> _EXERCISE DETAILS_
The records are to be copied from the line that contains "MeganMeltdown profile photo" through their last line, word for word, with every picture left out.

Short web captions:

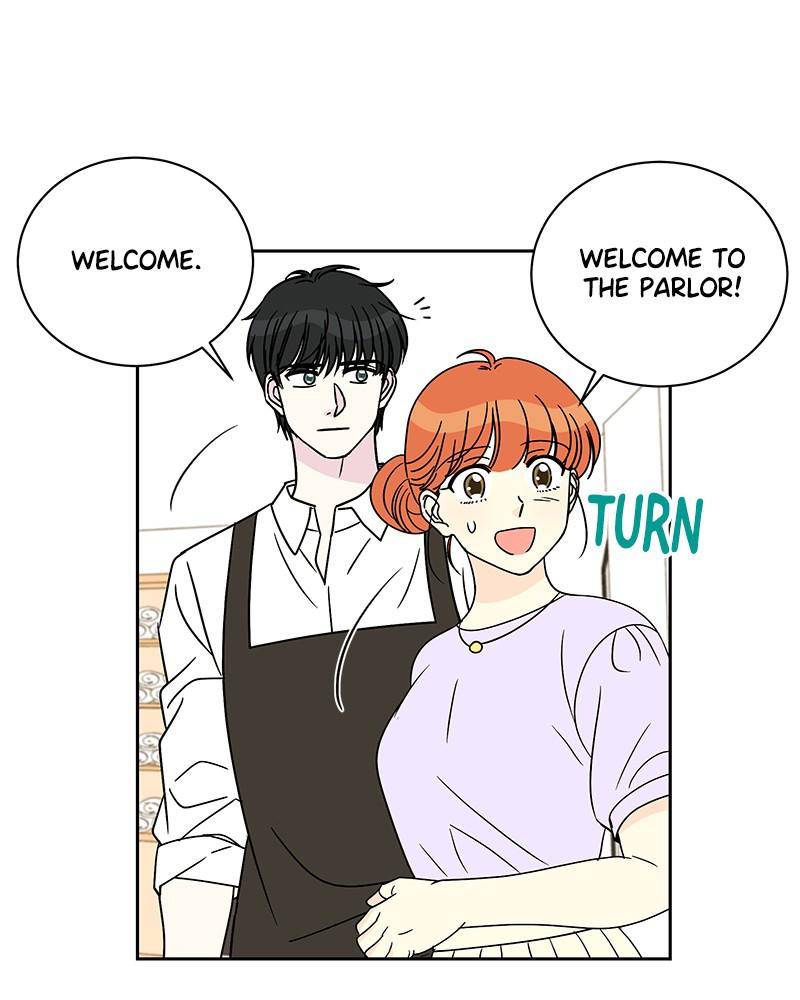 Moonlight Beauty Parlor chapter 26 - page 86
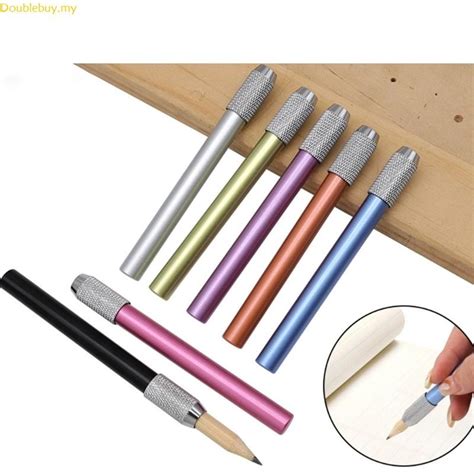 colored pencil extender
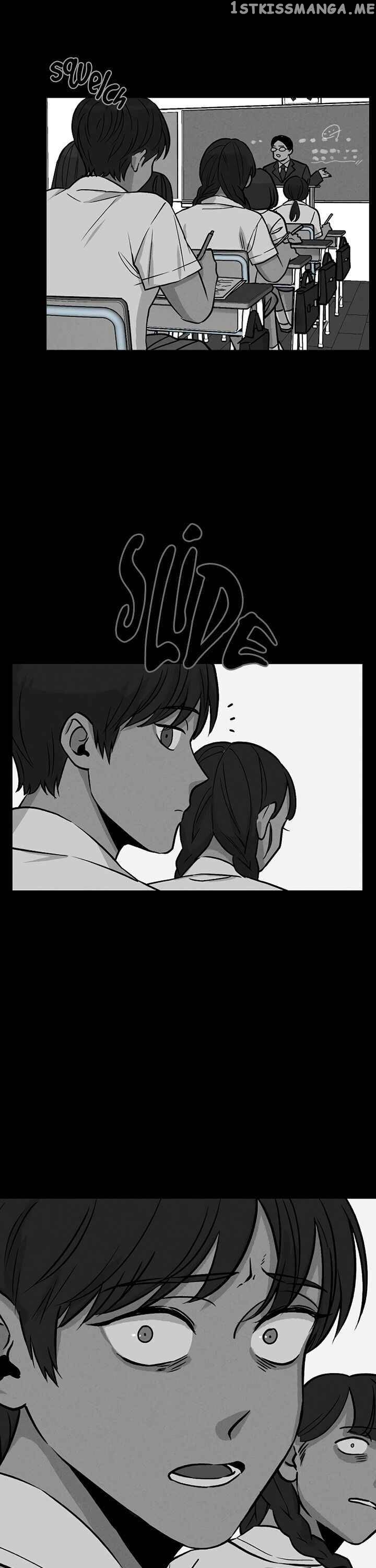 Our Classmate Sookgyung chapter 1 - page 19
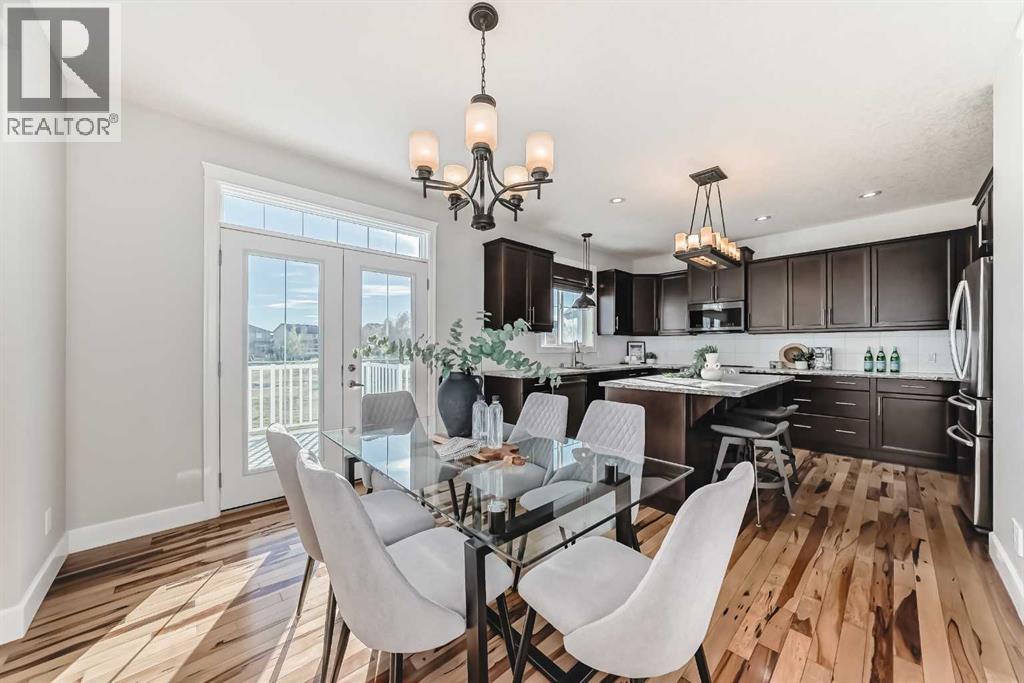 247 Lakepointe, Chestermere, Alberta  T1X 0R3 - Photo 12 - A2264440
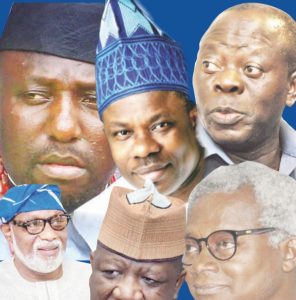APC CRISIS
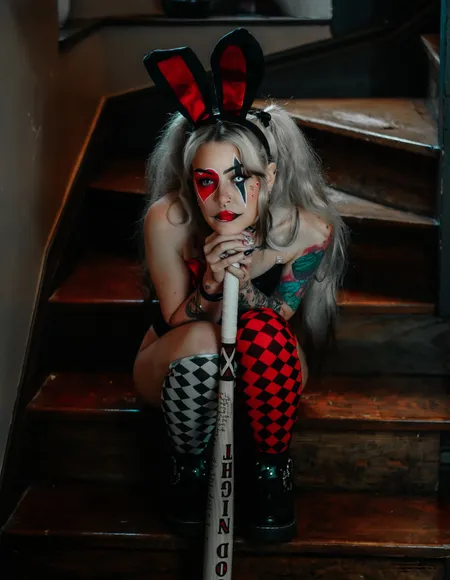 MeganMeltdown profile photo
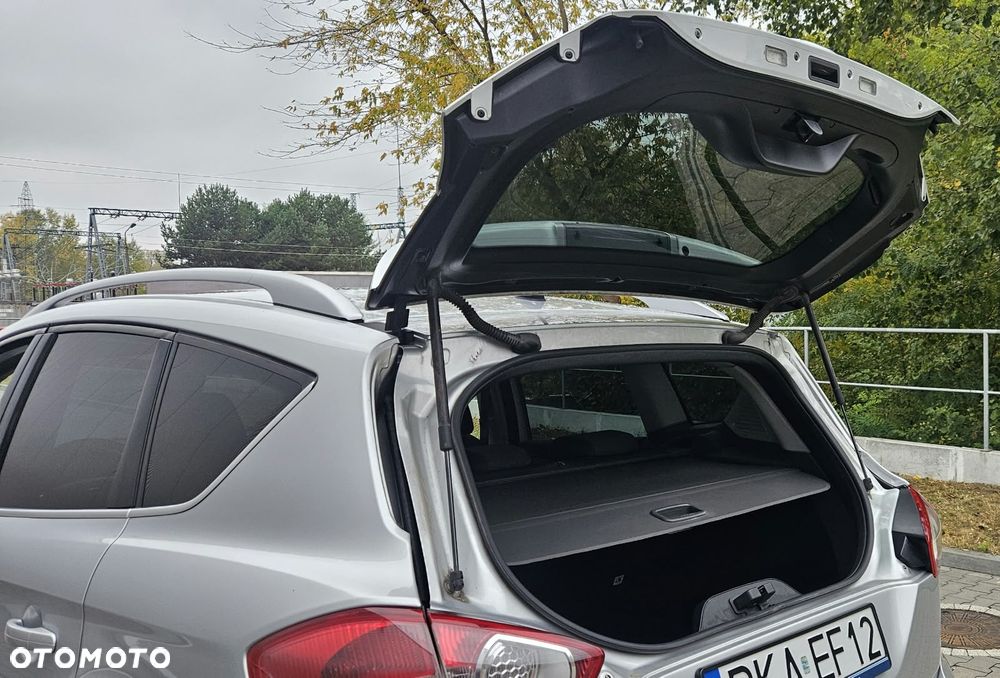 Ford Kuga 2.0 TDCi Titanium - 15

> _YOUR RESPONSE_
 MeganMeltdown profile photo
 Ford Kuga 2.0 TDCi Titanium - 15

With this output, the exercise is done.